Here I have to defer a little to the cognitive/culture sociology literature, about which I know very little. But it is my understanding that we tend to impose order, and that we impose an order that privileges our own autonomy, knowledge, etc. In other words, we’re much less likely to impose an order that casts ourselves in a negative light. In the case of taste, it is clear that our typical bias is to view ourselves as having stable, predictable, coherent tastes, even if they are tastes we view as inexpert. So, in comparing our vision of ourselves (e.g., I would have known when I watched “The Hangover” that I would not enjoy “The Hangover 2”) to the recommendation engines, we view them as having done a bad job at a task we would have done well. And the fact that a “learning” engine continues to present recommendations for movies we do not enjoy heightens our sensitivity and irritation to this fact, making it seem like a stronger pattern than it truly is.

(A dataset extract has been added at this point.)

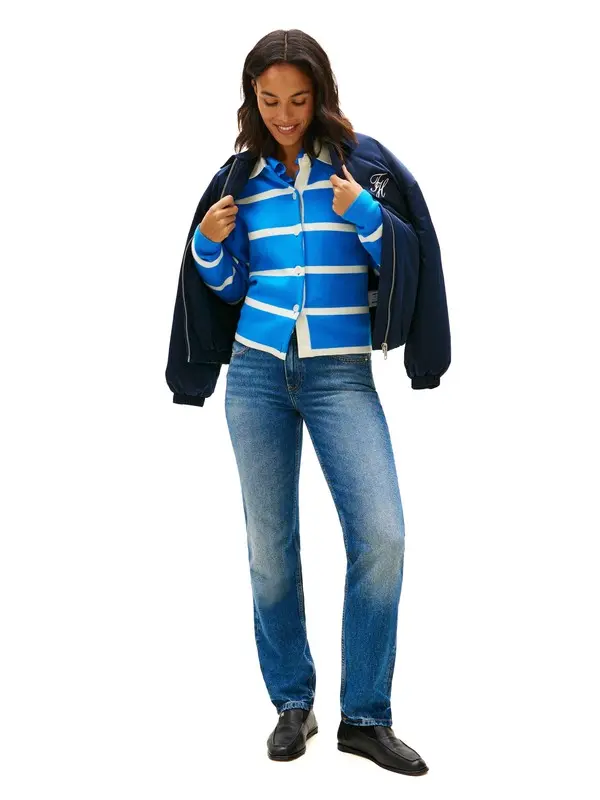 Faded Mid Rise Straight Leg Jeans 3 Image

I have loads of things to add about this “science news” about the prediction of “hits” based on song qualities, but that will have to wait for a future post.
Now, the second answer.
Flowing from this psychological theory that we enjoy rejecting or questioning the authority of the recommendation engine (as a means to promote a positive self-image), it would follow that there would be a performativity effect with recommendation engines (here is Omar writing about performativity in the sense meant here). That is, the fact of a measure of our taste being presented to us would cause our taste to formulate itself in reference to that measure. I happen to think it is as likely that this performativity would cause us to agree with the engine’s recommendations more often (than we would have without recommendations being presented to us in this fashion), as to disagree.*
I think we arguably find this effect with professional critics, who provide “recommendation engines” for readers who follow their columns and reviews. As Shyon Baumann showed in his research on film, professional film critics played a key role in legitimizing some American film as art, leading film goers to increasingly view some American film as art.
The fact that some of us are patterned in our disagreements with the recommendation of search engines probably points to our class backgrounds–our “habitus” of dispositions–than it does to some feature of the engines themselves. People with rather high levels of social and cultural capital might tend to reject the authority of recommendation engines more often than those from different backgrounds and with different resources.
This leads to some hypotheses:
- Users with high levels of educational attainment, or high SES birth families, may be more likely to perceive recommendation engines as poor predictors of taste/ratings.
- The more frequent the exposure to recommendation engines, the more strongly held one’s opinions of their performance (whether positive or negative).
Pushback by content producers in the technological transformation of cultural product delivery. E.g., How is it that a mass paperback like David McCullough’s The Great Bridge, from 1983, is available for $.35 as a used paperback, but is $15 on a kindle? How is it $18 to ‘buy’ Mean Girls on AppleTV?